The February 2006 MASA meeting was held at the Minnesota Science Museum in St. Paul. Eleven people turned out for the meeting.

There was some initial discussion that included:

  • Kimball TARC team is now starting to design their TARC rocket.

  • SW middle school (Albert Lea) TARC team has launched a practice rocket.

  • The F21 motor is TRA certified but on "production hold".

  • MARSCON [Science Fiction convention] is first week of March. MASA will have a booth and one general pass to the convention.

  • NARCON is the second week of March. Primary guests are Lee Piester (Centuri) and Matt Steele (NCR).

  • It appears that the MASA meatball design won the badge competition for 2006.

  • MASA will have some TARC launches in the future as the TARC deadline nears (not surprising).

  • Buzz McDermott has a brochure from Bellville Discount Hobby to get all the discontinued Estes stuff at a 40% discount.  Buzz wanted to do a group order. If interested, call Buzz soon!

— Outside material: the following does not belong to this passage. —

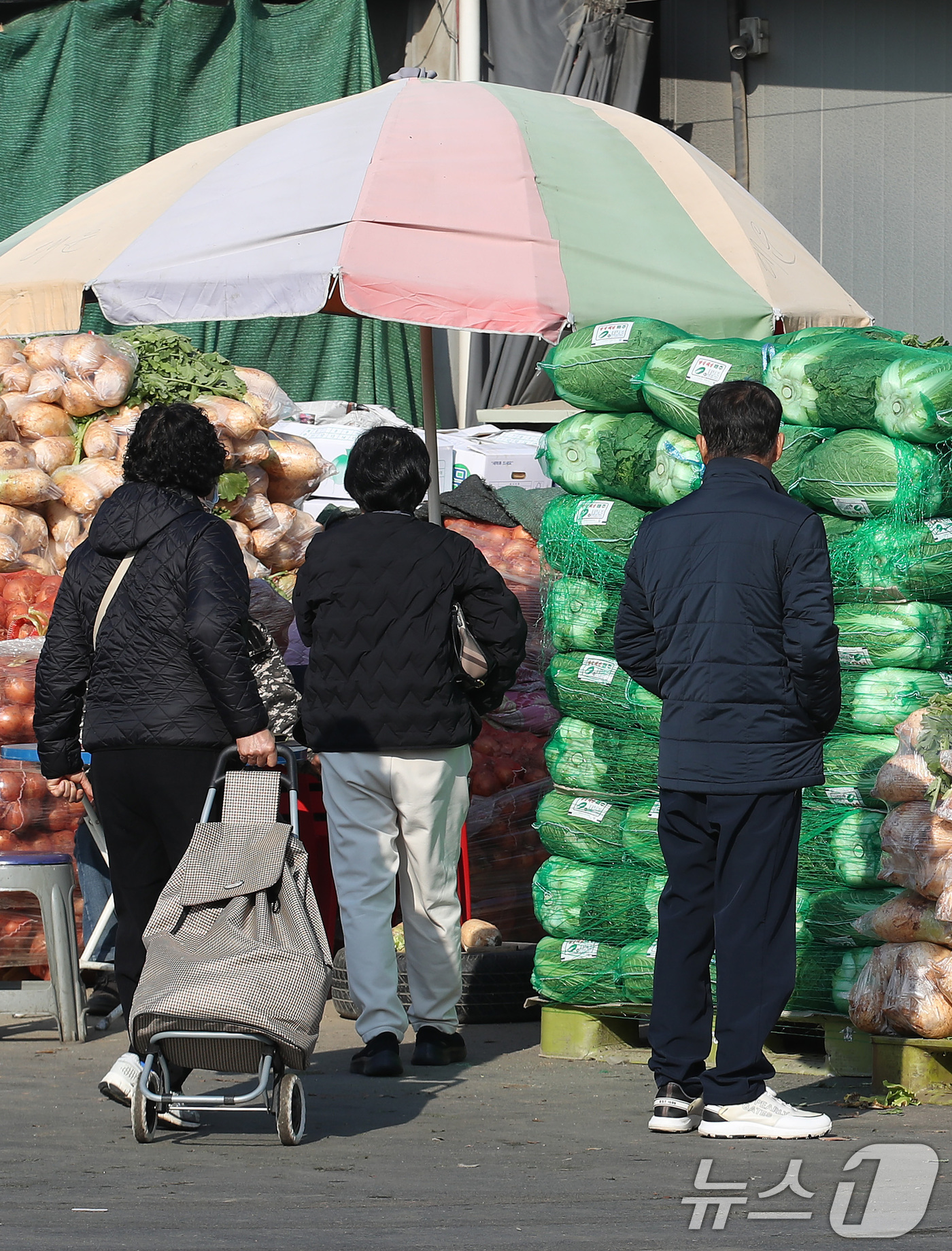 (대구=뉴스1) 공정식 기자 = 24일 본격적인 김장철을 맞아 대구 북구 매천동 대구농수산물도매시장에 무·배추 등 김장 재료가 수북이 쌓여 있다. 2025.11.24/뉴스1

Ted Cochran then gave his safety talk which is also his NARCON talk, entitled "Safety in Sport Rocketry". The talk was a result of NAR trying to improve the safety of sport rocketry. The impetus for this was a number of "close calls" that occurred last year around the country. Ted had a number of pictures (some very cool) and videos of rocket disasters.
Ted also presented a statistical study of model rocket launches (based on MASA's flight cards) in an attempt to evaluate the dangers of sport rocketry. The dangers included rocketeers trying to recover a rocket from power lines as well as getting struck by a rocket.
Based on the statistical study, NAR came up with some minor modifications to the safety code as well as some best practices.  Best practice is to always have spectators, prep areas and cars at cross-wind to the launch area. Almost all rockets land upwind or downwind from the launch area. Having spectators and others off to the side of the wind direction will reduce the chances of someone or something getting hit.